» **Task prompt**
Word for word, restate the listing; omit the pictures.

---- Exercise input

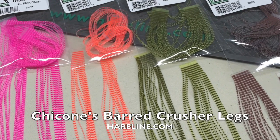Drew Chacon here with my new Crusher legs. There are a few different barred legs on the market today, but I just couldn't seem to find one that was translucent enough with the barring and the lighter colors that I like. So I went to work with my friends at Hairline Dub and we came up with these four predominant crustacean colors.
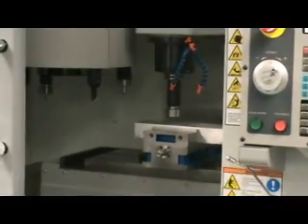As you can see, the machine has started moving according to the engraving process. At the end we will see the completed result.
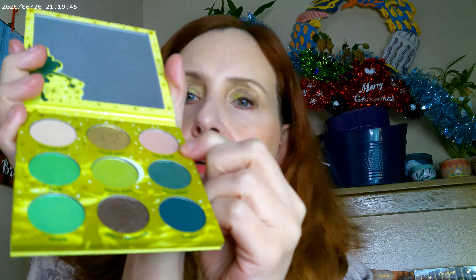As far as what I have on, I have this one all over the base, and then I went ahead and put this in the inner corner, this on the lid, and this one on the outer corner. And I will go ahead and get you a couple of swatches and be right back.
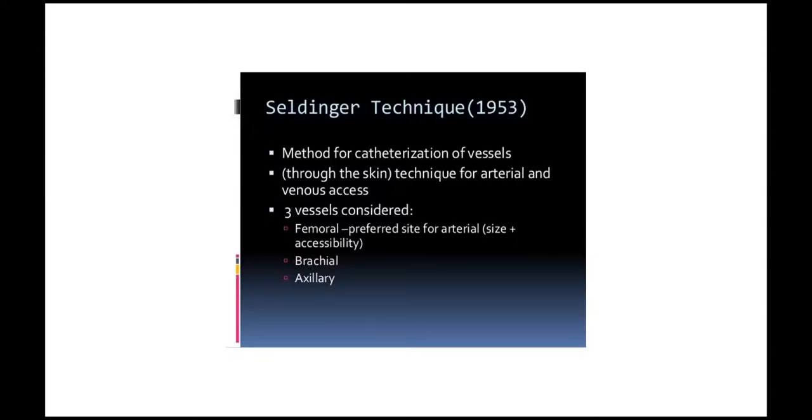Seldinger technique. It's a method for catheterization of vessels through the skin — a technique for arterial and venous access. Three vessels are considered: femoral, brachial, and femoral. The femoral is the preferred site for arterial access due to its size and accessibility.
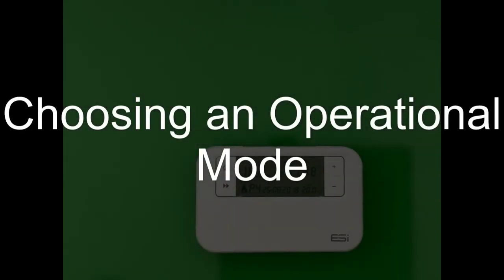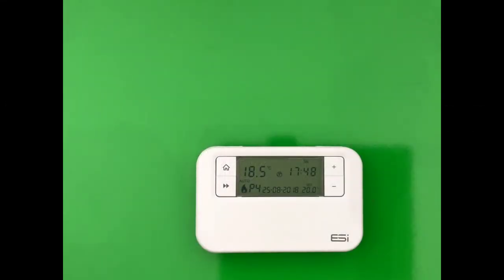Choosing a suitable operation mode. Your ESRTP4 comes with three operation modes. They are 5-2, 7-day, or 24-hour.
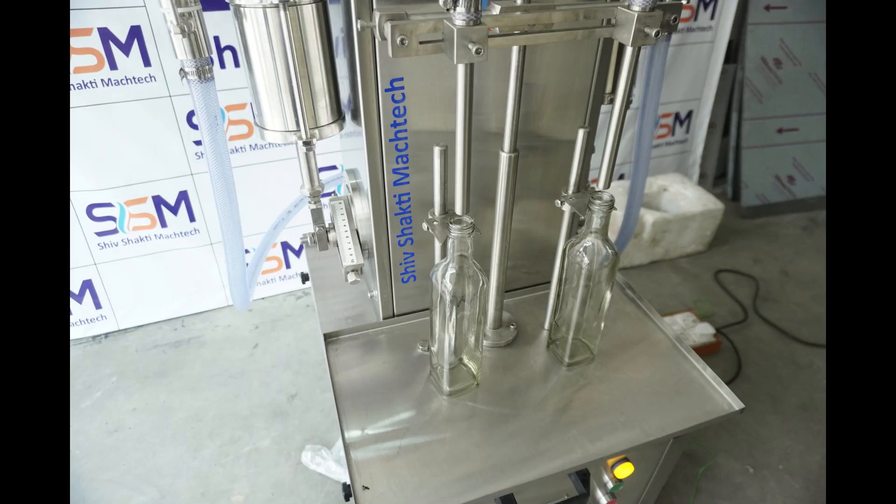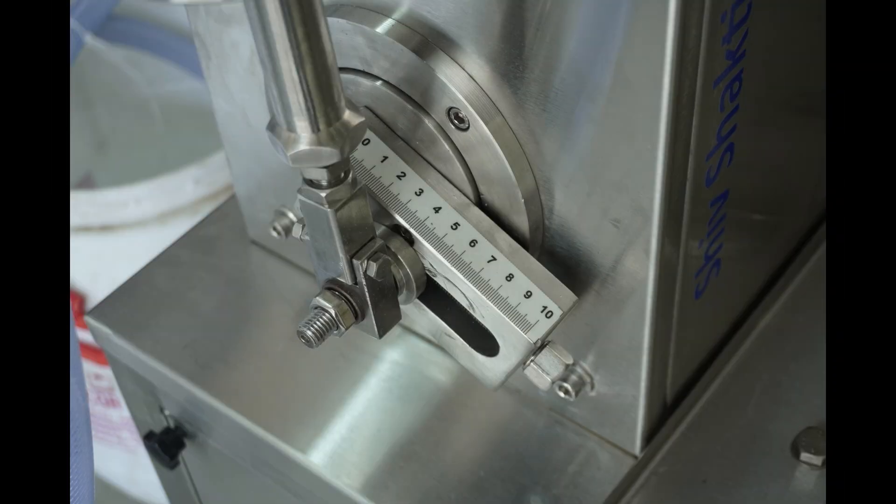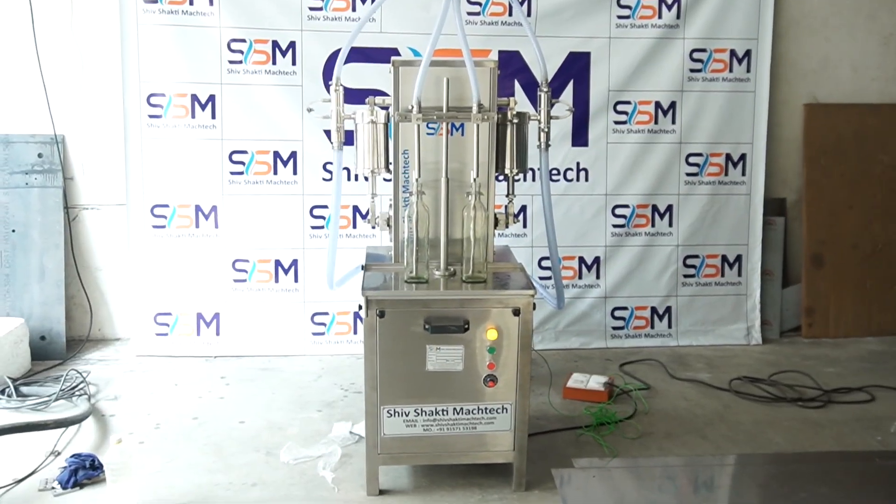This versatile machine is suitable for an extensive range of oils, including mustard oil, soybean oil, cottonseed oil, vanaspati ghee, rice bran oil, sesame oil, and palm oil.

--------

» **Answer area**
Drew Chacon here with my new Crusher legs. There are a few different barred legs on the market today, but I just couldn't seem to find one that was translucent enough with the barring and the lighter colors that I like. So I went to work with my friends at Hairline Dub and we came up with these four predominant crustacean colors.
As you can see, the machine has started moving according to the engraving process. At the end we will see the completed result.
As far as what I have on, I have this one all over the base, and then I went ahead and put this in the inner corner, this on the lid, and this one on the outer corner. And I will go ahead and get you a couple of swatches and be right back.
Seldinger technique. It's a method for catheterization of vessels through the skin — a technique for arterial and venous access. Three vessels are considered: femoral, brachial, and femoral. The femoral is the preferred site for arterial access due to its size and accessibility.
Choosing a suitable operation mode. Your ESRTP4 comes with three operation modes. They are 5-2, 7-day, or 24-hour.
This versatile machine is suitable for an extensive range of oils, including mustard oil, soybean oil, cottonseed oil, vanaspati ghee, rice bran oil, sesame oil, and palm oil.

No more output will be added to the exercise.